Wooching's obsession with rugby got to the point where in football's off-season he was sneaking off post-session to train with the rugby team. "I was a bit of a dual-athlete," he says, but then came the moment of truth where he had to choose one over the other. "It wasn't about money anymore, it was about passion and a love for the game. So I had to switch."

Those closest to Wooching knew of his inescapable dilemma. While franchises were showing interest in his talents, there were no guarantees he could make it professionally in rugby. But it was the itch that could not be satisfied.

On Feb. 16, 2017, he made his decision.

"I was in Seattle, with my fiancée -- Courtney Gano, a professional softball player in Italy -- and I spoke to my family and I knew it was the right time to send out the release. I had already drafted the statement and I just felt it was the perfect time with the draft coming up.

"I remember that at 12'o'clock I posted it after working out and put my phone away. I went back to do some cardio, play some basketball and looked at my phone and it had just blown up - football agents, to coaches, to NFL teams, to media - you name it they were contacting me."

He currently weighs in at 230 pounds, and stands at 6'4". He was pretty hard to miss on a football or rugby field when he was catching the eyes of prospective scouts and coaches, but what was also remarkable was the 'war paint' he used to adorn himself with before games. He stood there facing down the offense and finished at the Huskies with 6 sacks and 42 tackles in 2016.

The paint was a nod towards his Samoan ancestry, but also a sign that he was never afraid to break away from the status quo. "I started that trend a little," he explains. "It signifies war paint, which in the islands points towards battles, it's like you're going out for the last time. For me it symbolises my battle, like I'm ready to go. Each game I try and change it up a little to signify little things. Sometimes it's for speed, so I'd make it something like a cheetah - or sometimes it'd be something different, with more cultural significance."

His new battle is to win a professional contract in rugby union. With the help of former USA and Ireland coach Eddie O'Sullivan, who is mentoring him and acting as his agent, they are planning out his career.

He models his game on Tuilagi brothers Alesana and Manu (internationals for Samoa and England, respectively), he can play in either the centres or on the wing, he has trained with the USA Sevens team -- he will again at the end of this month -- and he has played for Seattle Saracens, an affiliate of the English and European champions. But he wants to head abroad and got the first taste of an elite rugby environment on a trial at Pau last week.

Wooching arrived at Top 14 side Pau on Easter Sunday and was introduced to World Cup-winners Conrad Smith and Colin Slade, as well as the fiercely talented Steffon Armitage and Tongan half-back Taniela Moa.

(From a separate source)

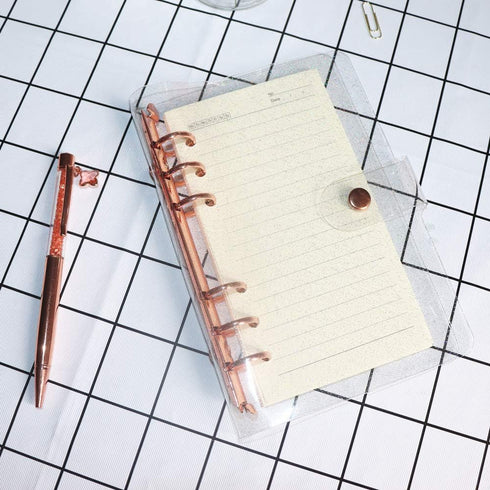Personal A6 Glitter PVC Binder Cover, Clear Soft PVC Notebook Shell, 6 Rose Gold Round Rings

After a couple of days to get over jet-lag, he was put through his paces in a series of speed and strength tests before he was given the chance to showcase his skills in a game scenario.

"I took one back 40 metres, off the left side, couple of big runs. I couldn't show my defensive side, but it was an awesome day. I felt like I excelled in the speed and weight lifting bits as I knew it so well from football."

Now comes the wait as Pau weigh up whether to offer him a contract while O'Sullivan is looking to set up other trials. In a different life, Wooching would also be waiting by the phone to see if he had been drafted. But the wind and ocean steered his canoe to a different sport.

"If I had stayed in football, right now I'd be back home in Hawaii getting ready for the call and everything that happens in the draft. It would be a defining moment, being an island boy going from the islands to being a dream-achiever. But I've transitioned to working my way to a different dream. It will be better for me."